So, the glossary has needed some updating for a while now. I just went ahead and added everything that I could remember or find with 90+ seconds of research. I basically kept the original and just added a few things that have come up since.
The Short Fuse Glossary
Ashburton Grove, The Grove - The full name for the Arsenal Stadium in absence of any naming rights.
Famous Back Four - Lee Dixon (RB), Tony Adams and Steve Bould (CBs), Nigel Winterburn (LB). An impenetrable, offside-trap-working miracle of a back four; basically Arsenal's defense from 1988 until 2000, unbroken.
Gunner - The nickname for players of the club; "Gooner" is often used for supporters.
Highbury - The Arsenal Stadium from 1913 to 2006. Marble and Art Deco.
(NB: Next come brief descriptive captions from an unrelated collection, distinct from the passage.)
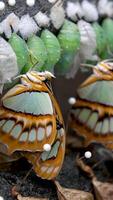 allí son un lote de muñecas colgando en un fila en el arboreto, reproducción de exótico mariposas un brillante mariposa eclosionado desde un capullo. video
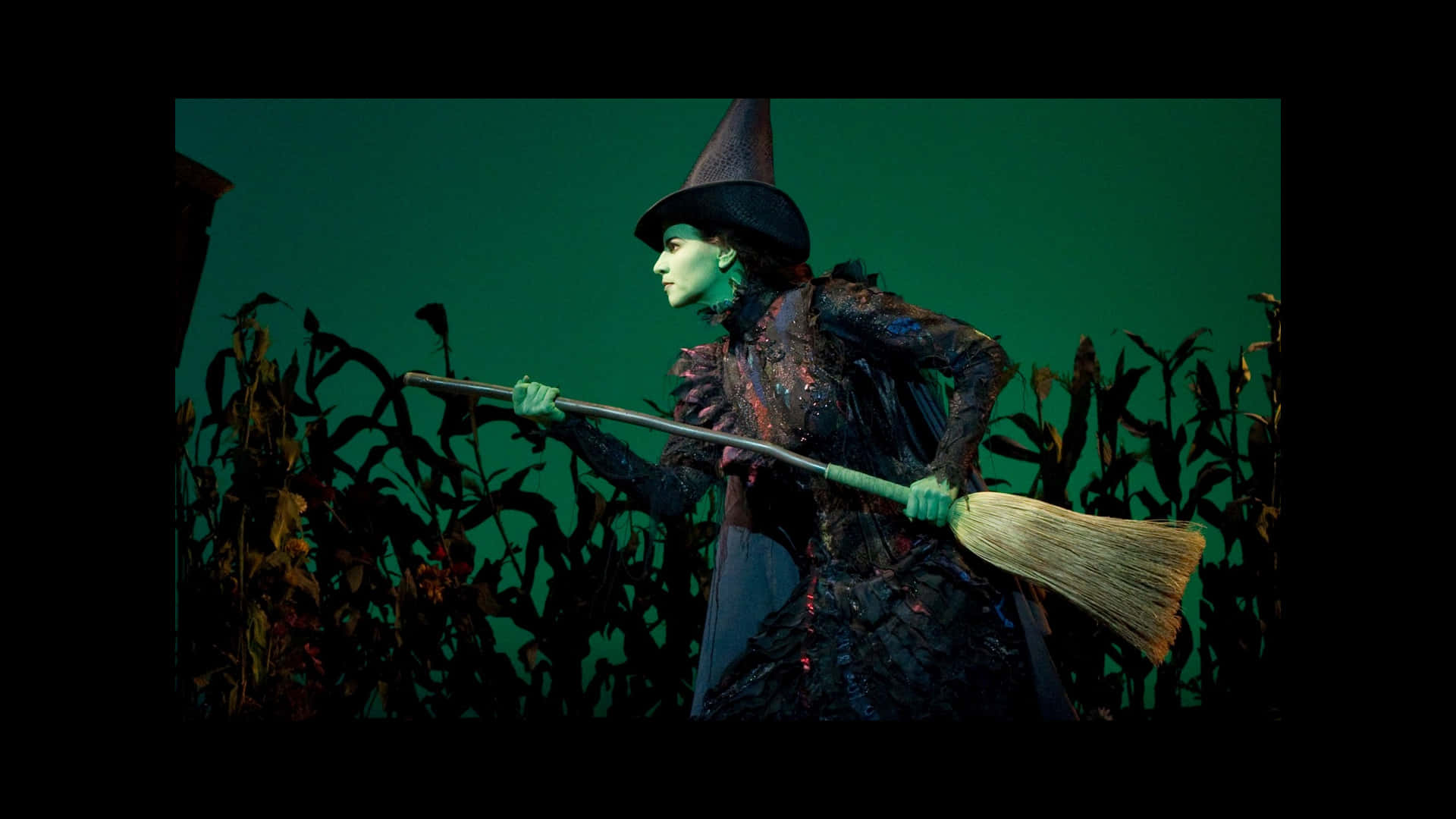 Green Witch, pointed hat, broomstick, Full HD Desktop Wallpaper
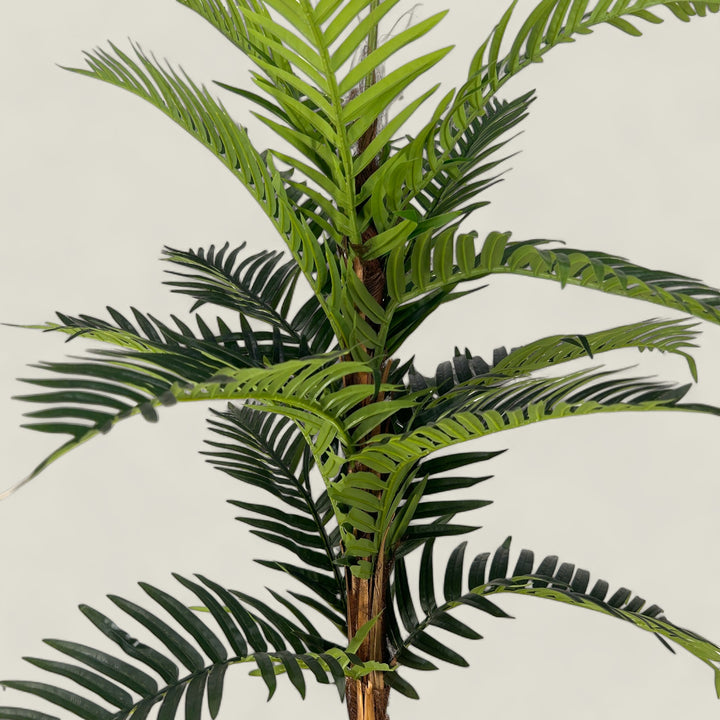 Premium Quality Areca Faux Plant Medium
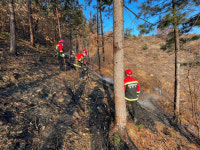 춘천서 산불…헬기 동원 2시간 만에 진화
Invincibles - The Arsenal team that won the 2003-04 Premier League without losing a single match. Went 49 straight league matches in a row without losing overall.
Woolwich - The southeast London borough where the Royal Woolwich Arsenal formed their football team and joined the football league in 1886.
Arsenal Players alternate names
Bac, Le Sagna - Bacary Sagna.
Coq, Le Coq - Francis Coquelin.
Dench - Emmanuel Frimpong; also his favorite word, which makes no sense.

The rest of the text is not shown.